Dictionaries, a family affair
In November of 2012 my husband and I once again donated dictionaries to every third grader in the Lucia Mar Unified School District on the Central Coast of California. In our eight years of donating dictionaries, we have distributed more than 6,000 books.
When I visit the classrooms, I tell the students my father’s story: he was born in Italy, but came to this country when he was only seven. He learned the language of his new country, English, but he also kept the language of his old country, Italian. He loved both languages, and he loved learning about both of them. I remember him reading the dictionary often.
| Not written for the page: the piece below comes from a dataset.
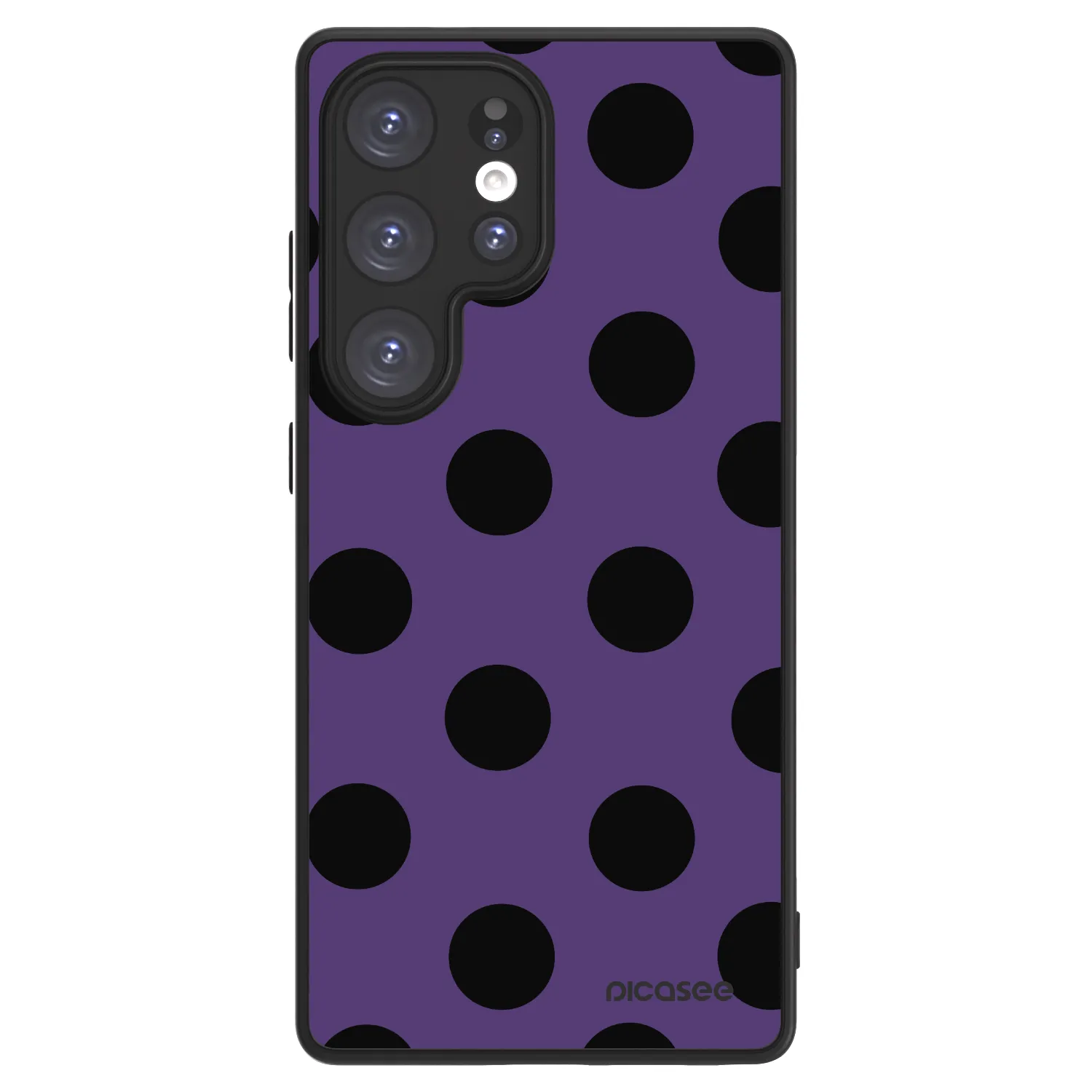 Picasee ULTIMATE CASE za Samsung Galaxy S25 Ultra 5G - Big flickers 2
Cole, my eight-year-old great-nephew who lives in Utah, became interested in his great-grandfather, my father, when his class was given an assignment to talk about an ancestor. Cole told his classmates about his great-grandfather who read the dictionary, and they were interested in such a man.
Cole and I decided the perfect way to end the ancestor assignment would be to give each of the 3rd graders in his class at Pony Express Elementary School in Eagle Mountain, Utah, a dictionary to keep in memory of Cole’s great-grandfather. And that is what we did. The students gave a warm reception to the dictionaries, and they and Mr. Morley, their teacher, shouted their thanks to Cole.
Cole and I give our thanks to the Dictionary Project for making gifts like this available to so many students.